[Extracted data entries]
╭──

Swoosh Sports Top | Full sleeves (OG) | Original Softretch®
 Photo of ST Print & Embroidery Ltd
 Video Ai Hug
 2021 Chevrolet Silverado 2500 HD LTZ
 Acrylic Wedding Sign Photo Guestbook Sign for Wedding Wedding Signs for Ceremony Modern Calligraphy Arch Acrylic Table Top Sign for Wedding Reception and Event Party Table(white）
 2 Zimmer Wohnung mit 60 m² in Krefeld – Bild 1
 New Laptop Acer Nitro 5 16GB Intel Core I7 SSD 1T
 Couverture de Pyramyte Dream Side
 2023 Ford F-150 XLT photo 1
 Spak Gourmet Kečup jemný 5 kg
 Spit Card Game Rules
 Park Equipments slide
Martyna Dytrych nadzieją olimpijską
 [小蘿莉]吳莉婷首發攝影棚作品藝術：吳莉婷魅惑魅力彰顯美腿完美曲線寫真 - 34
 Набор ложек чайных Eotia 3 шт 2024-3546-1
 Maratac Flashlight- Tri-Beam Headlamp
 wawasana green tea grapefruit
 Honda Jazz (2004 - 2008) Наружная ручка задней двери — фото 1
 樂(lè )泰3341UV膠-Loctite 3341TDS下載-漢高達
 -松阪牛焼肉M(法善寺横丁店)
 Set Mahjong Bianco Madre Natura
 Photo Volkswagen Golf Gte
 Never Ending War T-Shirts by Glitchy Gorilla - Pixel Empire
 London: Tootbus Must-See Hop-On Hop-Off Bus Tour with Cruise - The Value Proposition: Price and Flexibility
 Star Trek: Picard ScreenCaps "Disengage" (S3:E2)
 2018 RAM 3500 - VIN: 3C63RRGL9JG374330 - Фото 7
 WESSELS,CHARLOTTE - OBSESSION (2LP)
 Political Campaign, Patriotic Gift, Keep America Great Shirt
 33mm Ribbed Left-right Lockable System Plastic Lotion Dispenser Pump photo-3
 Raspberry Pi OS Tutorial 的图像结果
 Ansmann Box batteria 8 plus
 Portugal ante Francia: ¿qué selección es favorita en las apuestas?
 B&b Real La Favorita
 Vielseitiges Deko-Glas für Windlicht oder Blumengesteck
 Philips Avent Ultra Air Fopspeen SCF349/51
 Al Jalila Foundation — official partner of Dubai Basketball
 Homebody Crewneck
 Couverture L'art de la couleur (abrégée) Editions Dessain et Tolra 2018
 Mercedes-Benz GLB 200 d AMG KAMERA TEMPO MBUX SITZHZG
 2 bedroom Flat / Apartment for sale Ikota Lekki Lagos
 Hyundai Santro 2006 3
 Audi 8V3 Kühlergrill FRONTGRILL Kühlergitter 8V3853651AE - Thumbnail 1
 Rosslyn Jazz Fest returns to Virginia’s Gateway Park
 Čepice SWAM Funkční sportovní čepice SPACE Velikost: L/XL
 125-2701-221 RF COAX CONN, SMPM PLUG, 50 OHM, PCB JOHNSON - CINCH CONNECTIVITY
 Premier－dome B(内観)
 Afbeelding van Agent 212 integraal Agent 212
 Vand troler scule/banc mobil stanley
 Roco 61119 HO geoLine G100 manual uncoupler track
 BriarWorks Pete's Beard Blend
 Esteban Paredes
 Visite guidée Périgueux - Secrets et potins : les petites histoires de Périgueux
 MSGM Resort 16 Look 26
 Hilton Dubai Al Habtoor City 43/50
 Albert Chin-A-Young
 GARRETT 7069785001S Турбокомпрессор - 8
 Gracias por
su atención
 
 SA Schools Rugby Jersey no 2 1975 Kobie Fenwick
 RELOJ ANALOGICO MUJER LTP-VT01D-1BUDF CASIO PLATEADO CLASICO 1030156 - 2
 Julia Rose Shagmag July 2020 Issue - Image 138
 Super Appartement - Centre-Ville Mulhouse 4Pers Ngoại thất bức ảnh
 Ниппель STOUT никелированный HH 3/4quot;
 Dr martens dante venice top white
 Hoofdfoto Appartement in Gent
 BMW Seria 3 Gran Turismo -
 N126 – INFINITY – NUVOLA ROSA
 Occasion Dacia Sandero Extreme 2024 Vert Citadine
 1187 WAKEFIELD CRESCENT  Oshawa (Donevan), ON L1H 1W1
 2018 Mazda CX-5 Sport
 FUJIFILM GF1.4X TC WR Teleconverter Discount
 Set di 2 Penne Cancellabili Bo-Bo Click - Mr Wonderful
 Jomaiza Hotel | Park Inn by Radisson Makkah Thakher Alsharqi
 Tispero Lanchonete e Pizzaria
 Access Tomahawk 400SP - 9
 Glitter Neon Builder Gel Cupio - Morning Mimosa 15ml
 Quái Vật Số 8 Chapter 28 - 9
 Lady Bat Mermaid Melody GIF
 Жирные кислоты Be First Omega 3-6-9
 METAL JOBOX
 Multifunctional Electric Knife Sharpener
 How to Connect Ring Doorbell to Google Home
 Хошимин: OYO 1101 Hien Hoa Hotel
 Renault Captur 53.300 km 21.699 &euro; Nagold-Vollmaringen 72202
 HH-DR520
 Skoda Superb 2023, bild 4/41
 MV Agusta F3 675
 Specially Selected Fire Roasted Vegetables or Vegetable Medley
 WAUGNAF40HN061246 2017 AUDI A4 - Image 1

╰──

Action item:
Copy all the entries exactly.

Answer area:
Swoosh Sports Top | Full sleeves (OG) | Original Softretch®
 Photo of ST Print & Embroidery Ltd
 Video Ai Hug
 2021 Chevrolet Silverado 2500 HD LTZ
 Acrylic Wedding Sign Photo Guestbook Sign for Wedding Wedding Signs for Ceremony Modern Calligraphy Arch Acrylic Table Top Sign for Wedding Reception and Event Party Table(white）
 2 Zimmer Wohnung mit 60 m² in Krefeld – Bild 1
 New Laptop Acer Nitro 5 16GB Intel Core I7 SSD 1T
 Couverture de Pyramyte Dream Side
 2023 Ford F-150 XLT photo 1
 Spak Gourmet Kečup jemný 5 kg
 Spit Card Game Rules
 Park Equipments slide
Martyna Dytrych nadzieją olimpijską
 [小蘿莉]吳莉婷首發攝影棚作品藝術：吳莉婷魅惑魅力彰顯美腿完美曲線寫真 - 34
 Набор ложек чайных Eotia 3 шт 2024-3546-1
 Maratac Flashlight- Tri-Beam Headlamp
 wawasana green tea grapefruit
 Honda Jazz (2004 - 2008) Наружная ручка задней двери — фото 1
 樂(lè )泰3341UV膠-Loctite 3341TDS下載-漢高達
 -松阪牛焼肉M(法善寺横丁店)
 Set Mahjong Bianco Madre Natura
 Photo Volkswagen Golf Gte
 Never Ending War T-Shirts by Glitchy Gorilla - Pixel Empire
 London: Tootbus Must-See Hop-On Hop-Off Bus Tour with Cruise - The Value Proposition: Price and Flexibility
 Star Trek: Picard ScreenCaps "Disengage" (S3:E2)
 2018 RAM 3500 - VIN: 3C63RRGL9JG374330 - Фото 7
 WESSELS,CHARLOTTE - OBSESSION (2LP)
 Political Campaign, Patriotic Gift, Keep America Great Shirt
 33mm Ribbed Left-right Lockable System Plastic Lotion Dispenser Pump photo-3
 Raspberry Pi OS Tutorial 的图像结果
 Ansmann Box batteria 8 plus
 Portugal ante Francia: ¿qué selección es favorita en las apuestas?
 B&b Real La Favorita
 Vielseitiges Deko-Glas für Windlicht oder Blumengesteck
 Philips Avent Ultra Air Fopspeen SCF349/51
 Al Jalila Foundation — official partner of Dubai Basketball
 Homebody Crewneck
 Couverture L'art de la couleur (abrégée) Editions Dessain et Tolra 2018
 Mercedes-Benz GLB 200 d AMG KAMERA TEMPO MBUX SITZHZG
 2 bedroom Flat / Apartment for sale Ikota Lekki Lagos
 Hyundai Santro 2006 3
 Audi 8V3 Kühlergrill FRONTGRILL Kühlergitter 8V3853651AE - Thumbnail 1
 Rosslyn Jazz Fest returns to Virginia’s Gateway Park
 Čepice SWAM Funkční sportovní čepice SPACE Velikost: L/XL
 125-2701-221 RF COAX CONN, SMPM PLUG, 50 OHM, PCB JOHNSON - CINCH CONNECTIVITY
 Premier－dome B(内観)
 Afbeelding van Agent 212 integraal Agent 212
 Vand troler scule/banc mobil stanley
 Roco 61119 HO geoLine G100 manual uncoupler track
 BriarWorks Pete's Beard Blend
 Esteban Paredes
 Visite guidée Périgueux - Secrets et potins : les petites histoires de Périgueux
 MSGM Resort 16 Look 26
 Hilton Dubai Al Habtoor City 43/50
 Albert Chin-A-Young
 GARRETT 7069785001S Турбокомпрессор - 8
 Gracias por
su atención
 
 SA Schools Rugby Jersey no 2 1975 Kobie Fenwick
 RELOJ ANALOGICO MUJER LTP-VT01D-1BUDF CASIO PLATEADO CLASICO 1030156 - 2
 Julia Rose Shagmag July 2020 Issue - Image 138
 Super Appartement - Centre-Ville Mulhouse 4Pers Ngoại thất bức ảnh
 Ниппель STOUT никелированный HH 3/4quot;
 Dr martens dante venice top white
 Hoofdfoto Appartement in Gent
 BMW Seria 3 Gran Turismo -
 N126 – INFINITY – NUVOLA ROSA
 Occasion Dacia Sandero Extreme 2024 Vert Citadine
 1187 WAKEFIELD CRESCENT  Oshawa (Donevan), ON L1H 1W1
 2018 Mazda CX-5 Sport
 FUJIFILM GF1.4X TC WR Teleconverter Discount
 Set di 2 Penne Cancellabili Bo-Bo Click - Mr Wonderful
 Jomaiza Hotel | Park Inn by Radisson Makkah Thakher Alsharqi
 Tispero Lanchonete e Pizzaria
 Access Tomahawk 400SP - 9
 Glitter Neon Builder Gel Cupio - Morning Mimosa 15ml
 Quái Vật Số 8 Chapter 28 - 9
 Lady Bat Mermaid Melody GIF
 Жирные кислоты Be First Omega 3-6-9
 METAL JOBOX
 Multifunctional Electric Knife Sharpener
 How to Connect Ring Doorbell to Google Home
 Хошимин: OYO 1101 Hien Hoa Hotel
 Renault Captur 53.300 km 21.699 &euro; Nagold-Vollmaringen 72202
 HH-DR520
 Skoda Superb 2023, bild 4/41
 MV Agusta F3 675
 Specially Selected Fire Roasted Vegetables or Vegetable Medley
 WAUGNAF40HN061246 2017 AUDI A4 - Image 1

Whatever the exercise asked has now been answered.